On Sun, Feb 9, 2014 at 2:25 AM, N. Jackson <gentleundercurrent@gmail.com> wrote:
The following message is a courtesy copy of an article
that has been posted to gnu.emacs.bug as well.

Lars Ingebrigtsen <larsi@gnus.org> writes:

> Lennart Borgman <lennart.borgman@gmail.com> writes:
>
>> Shift-select in cua-mode does not work in org-mode although
>> org-replace-disputed-keys is t, org-disputed-keys are set for shift
>> arrow keys and org-support-shift-select is always
>
> Is this problem still present in Emacs 24.3?

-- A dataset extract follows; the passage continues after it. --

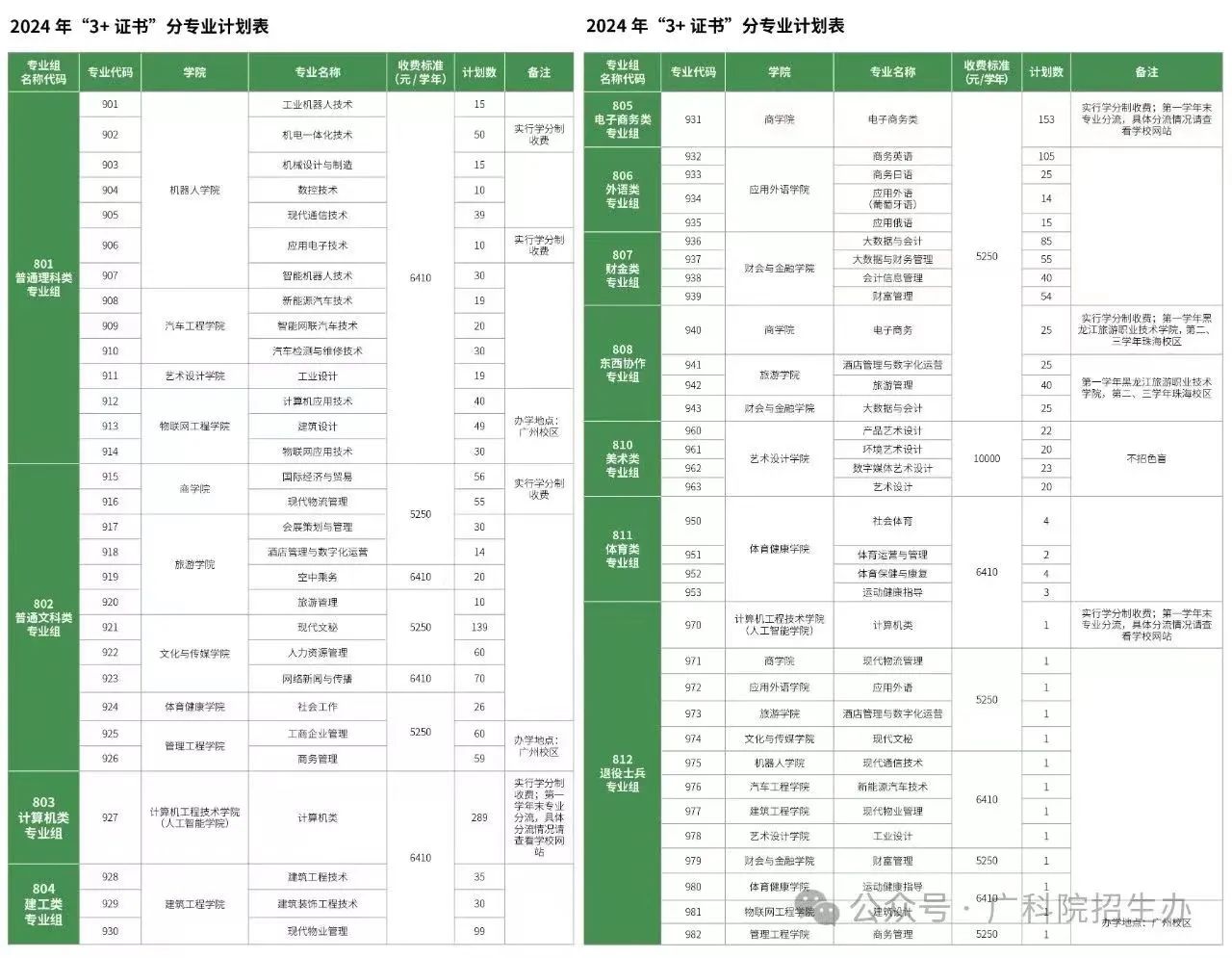 招生计划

Naturally I can't answer for the OP (and I don't know about disputed
keys) but I can report that in general this problem persists in Emacs
24.3.

On GNU Emacs 24.3.1 [1], shift select does not work in org mode. I'm not
certain this is a bug, as my understanding is that the org authors did
not design it to work with shift select?

In any case, I use a very simple workaround which makes shift select
work just fine in org mode; I've never had any problems with it. It
looks like this (Note: It is of unknown provenance, aside from the
attribution in the comment.):

;; This snippit from jisang-yoo on reddit to enable shift select in org
;; mode when cua-mode is on.
(eval-after-load "org"
    '(progn
       (eval-after-load "cua-base"
         '(progn
            (defadvice org-call-for-shift-select (before
            org-call-for-shift-select-cua activate)
              (if (and cua-mode
                       org-support-shift-select (not (use-region-p)))
                  (cua-set-mark)))))))
;; End jisang-yoo snippit

With this in my org settings, I have no problems with shift select
except that you cannot start a selection on a timestamp (because shift
with cursor keys adjusts timestamps), but I've learnt to automatically
start my selection from the end of the line above the timestamp so I
don't have any problems.

I hope this information is of some use.

[1] GNU Emacs 24.3.1 (x86_64-redhat-linux-gnu, GTK+ Version 3.8.2) of
2013-08-14 on buildvm-15.phx2.fedoraproject.org


Thanks Jason. I can't test now myself.

I think this problem illustrates very well why cua-mode must be made a first class citizen in Emacs. Without that problems like this are showing up for beginners.